Monday, October 26, 2009

Frear Ave


   This is 1 Frear Ave many years after we left

The house was huge.  I was 8 years old which made it more huge.  The first thing I saw were flowers--beautiful purple flowers all along the ground in front and bushes full of white flowers on either side all the way into the back yard.  Flowers were always one of my favorite things in life--already I knew this would be a good place.  Things would be happy now.  That's what my 8 year old mind told me.

I made my way up the old wooden steps--I liked the way they creaked and moved when I stepped on them--onto the biggest porch I'd ever seen.  I thought it must wrap around the whole house (it actually only went halfway).

Finally into the enormous front doors.  The first of the two sets of doors into the house was thin and light.  The kind, if you weren't careful would slam and break the glass panes at the top.  But no one ever slammed doors in our family.  Everyone was very controlled.  No one yelled, ran, laughed too loud, cried, anything that would show lack of control.  Beatings were even controlled.  Dad was always sadistically calm while the cane, belt, fist or broom handle made its mighty way  (with the help of his great strength) onto our small, lithe bodies.  We, in turn, always remained in total control.  Never a tear or even a sound, except the numbers of the count we were to keep, escaped us (we had to count each strike out loud as it hit our body).

So in the five years we spent living at 1 Frear Avenue, that door never had to fear for its safety.  In fact, we learned to love the forewarning it gave whenever Dad had been out and was returning home.

About a four foot space, then the inside door.  A large, heavy, wooden door that worked well to keep out the cold and wind of upstate New York, and keep in the sounds of a tortured childhood.

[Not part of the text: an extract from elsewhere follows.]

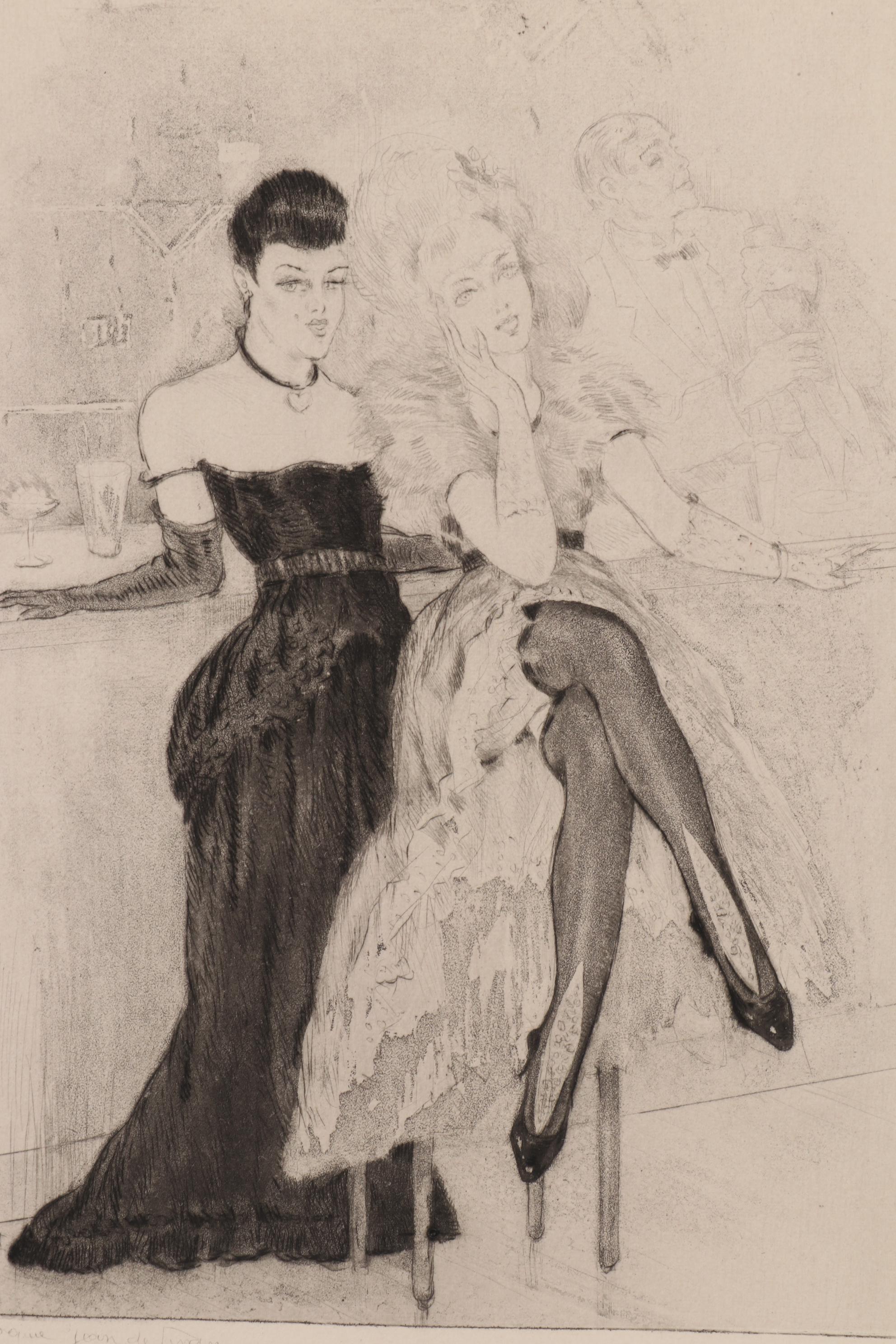 Edouard Jules Chimot Etchings of Women, Mid 20th Century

The interior of the house was just as magnificent to me as the exterior.  Having been built around the turn of the century, it was complete with stained glass windows, secret passageways, an attic full of treasures left behind by previous families, and an enormous fireplace for keeping warm on cold winter nights.  I loved that house from the moment our car first pulled up in front of it.  The things that happened within the walls of it are quite a different story.